Heiner tampak bingung, seperti seseorang yang meragukan pendengarannya sendiri. Annette, dengan jemarinya yang menggenggam erat di pangkuan, kembali membuka suara.
"Kau pasti menganggapku benar-benar gila."
Namun, entah mengapa, ia justru merasa hampa. Dalam situasi seperti ini, seharusnya ia mengguncang bahunya, melontarkan kata-kata penuh kebencian.
Annette menundukkan kepala sejenak sebelum akhirnya mengangkatnya kembali.
"Tentu saja begitu. Jika kau berpura-pura mencintai seorang wanita yang kau benci dan kau anggap menjijikkan… Maka wanita itu adalah orang bodoh karena mencintaimu juga. Kau bisa menertawakannya karena telah melakukan itu."
Ia tertawa kecil, seakan benar-benar menganggapnya lucu. Namun, tawa itu segera lenyap. Raut wajahnya kembali datar, seolah kehilangan cahayanya.

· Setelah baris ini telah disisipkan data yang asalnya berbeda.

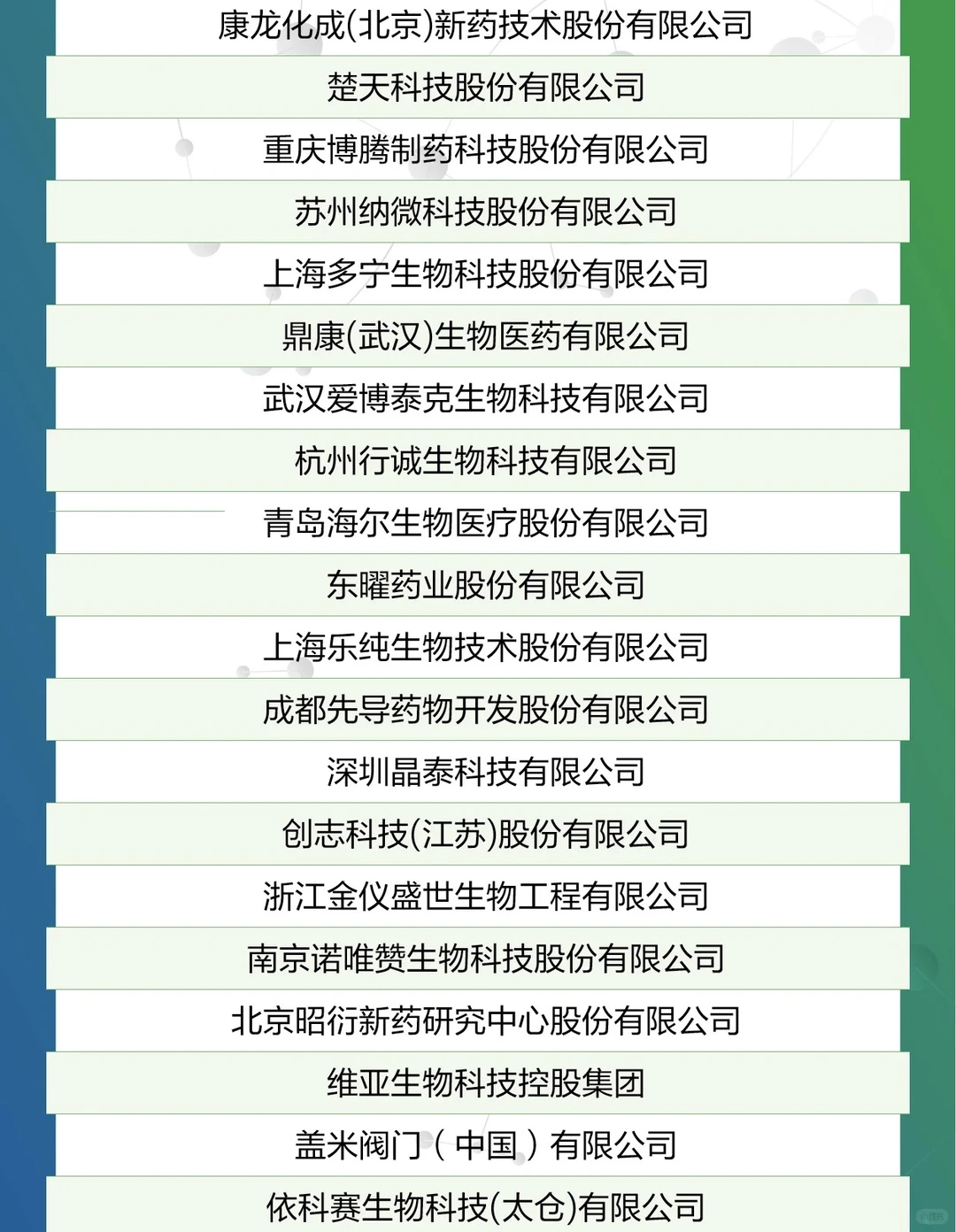 2024中国生命科学服务企业品牌100强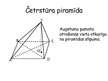 Presentations 'Piramīda ģeometrijā', 15.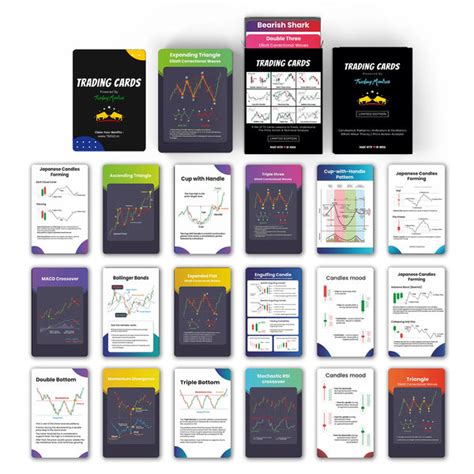 101+ Trading Cards (English Edition) – Trading Mantras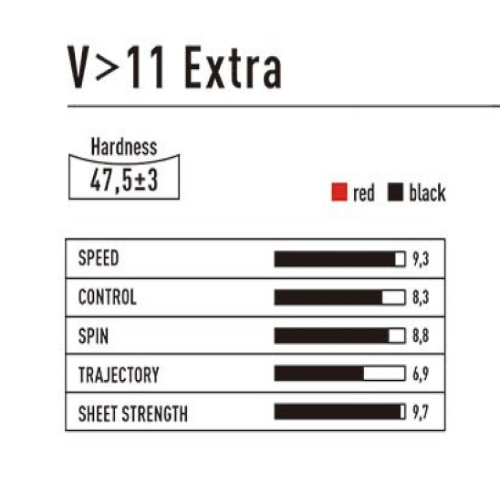 ������ ���� ����� V11 Extra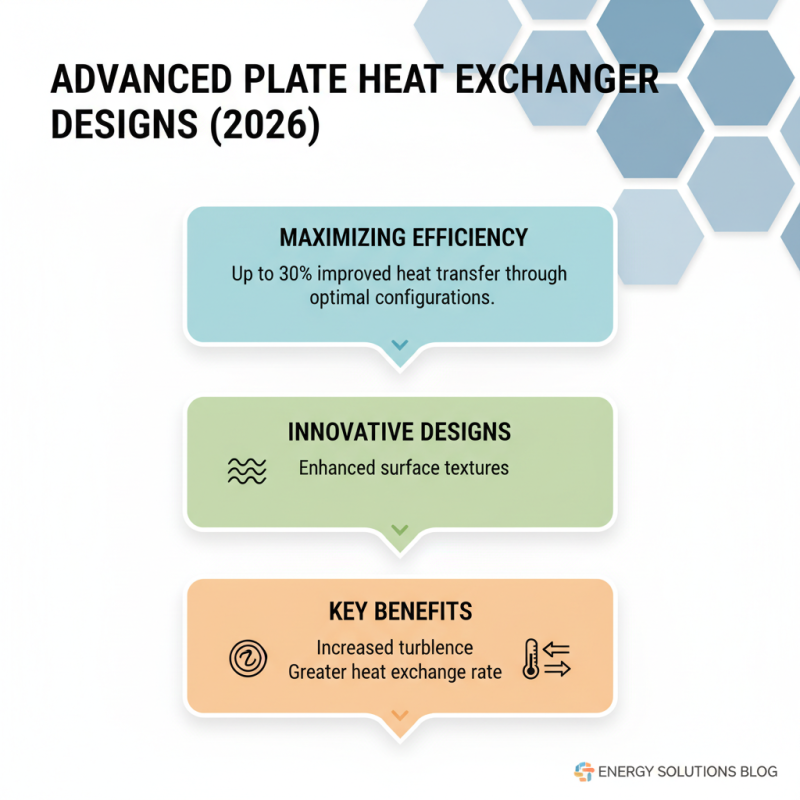 How to Improve Plate Heat Transfer Efficiency in 2026?
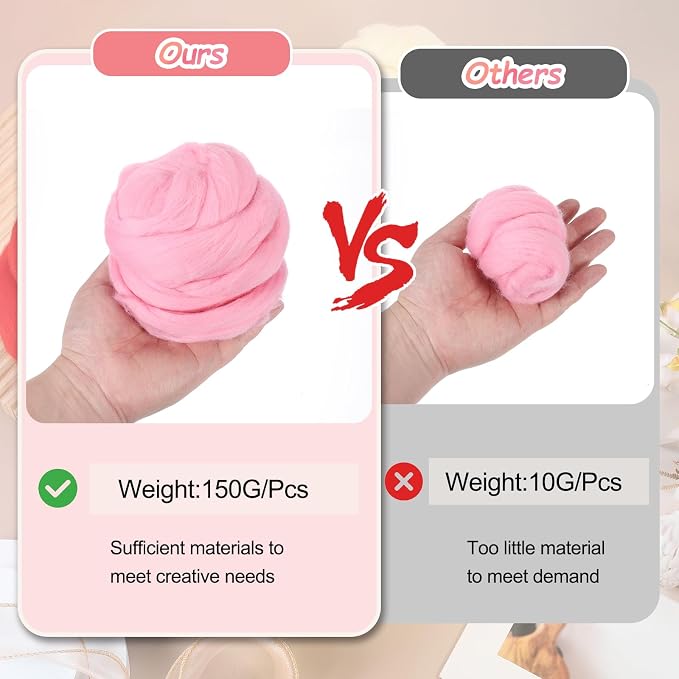 PATIKIL Wool Roving Yarn, 150G/5.3OZ Soft Felting Wool Pure Chunky Roving Yarn - Image 4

"Tapi jika memang demikian… Akan kukatakan padamu apa yang kukatakan tiga tahun lalu. Akan kukatakan padamu saat kau telah mencapai tujuanmu dan tak lagi perlu menipuku. Aku bahkan tidak tahu bahwa—"
Suara Annette tercekat oleh emosinya sendiri. Namun, tak ada air mata yang jatuh. Hanya suara lirih yang mengalir dari lubuk terdalamnya.
"Selama tiga tahun… aku justru mencintaimu lebih dalam."
Sejenak, tatapan Heiner tampak bergetar. Atau mungkin hanya penglihatan Annette yang kabur. Ia menundukkan kepala dengan tenang.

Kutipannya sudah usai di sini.